# I'm gonna need a heart transplant



## WABOOM (Oct 15, 2015)

@Rondo just devastated my world by reading my mind and sending some larger ISOM's. I've been wanting a few more of this type on hand. ((((BEAUTIFUL)))) Salamones from '08 !!! Also some VR Don Alejandro (double corona?) I'm stunned by this generosity. Thank you very much Ron. 
-Casey


----------



## Alrightdriver (May 2, 2017)

Very nice!! And well deserved!

Sent from my SM-S727VL using Tapatalk


----------



## Matt_21 (May 15, 2014)

He's a great BOTL!
Nice hit!


----------



## msmith1986 (Apr 24, 2017)

Awesomeness

Sent from my LG-H830 using Tapatalk


----------



## blackrabbit (Jan 29, 2017)

Wow! Great stuff!


----------



## rvillegachapa (May 4, 2016)

That is awesome, I have tried the smaller Cuaba Vitola, I think the Divinos. Flavor was amazing. You are going to enjoy them for sure!

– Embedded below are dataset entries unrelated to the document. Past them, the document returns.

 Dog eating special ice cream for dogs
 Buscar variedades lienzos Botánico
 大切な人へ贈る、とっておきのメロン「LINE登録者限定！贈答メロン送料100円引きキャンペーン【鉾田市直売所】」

The Salamone is on my list!


----------



## UBC03 (Nov 18, 2015)

Dammit.. You scared the hell outta me..

Nice hit Ron

sent from Joe's other recliner.. everything has come full circle..


----------



## rvillegachapa (May 4, 2016)

As a matter of fact, here is a pic of two (They are actually Tradicionales not Divinos as I stated on my prevous post) I put in my 65% Rh test travel case this evening. I am considering changing my RH to 65% overall. Sorry I do not mean to hi jack your thread I just couldn't resist when I saw you Salomones!


----------



## Sophie0503 (Jan 20, 2018)

Wow, that’s a nice surprise right there..


----------



## Kidvegas (Oct 17, 2016)

Stupendous!


Sent from my Recliner


----------



## poppajon75 (Apr 10, 2016)

Sweet! I bet it was Einstein's idea but, without thumbs Ron had to lend him a hand 

Sent from the PUFF cigar lounge.


----------



## WABOOM (Oct 15, 2015)

@Hudabear ... where did you disappear to for like 2 full years???


----------



## Bird-Dog (Oct 16, 2009)

Rondifferous hit @Rondo!


----------



## Piper (Nov 30, 2008)

Just had my first Cuaba Salamones this weekend. Fantastic smoke and it was only 2 years old! You're gonna love it @WABOOM. Great bomb @Rondo.


----------



## WNYTony (Feb 12, 2014)

Damn classy for a shirtless guy @Rondo !


----------



## ebnash (Mar 5, 2017)

Big style!

Truly a generous brother, @Rondo


----------



## Rondo (Sep 9, 2015)

Sorry, Boomah, I’m on the organ harvesting team. Someone else will have to complete the transplant. Enjoy them while you still can.


----------



## Gummy Jones (Mar 30, 2017)

Nice hit

Looks tasty


----------



## WABOOM (Oct 15, 2015)

Rondo said:


> Sorry, Boomah, I'm on the organ harvesting team. Someone else will have to complete the transplant. Enjoy them while you still can.


I guess I'm ready since you've stolen my heart... lol


----------



## Westside Threat (Oct 25, 2016)

Very nice!


----------



## LeatherNeck (Feb 8, 2017)

Awesomeness right there!


----------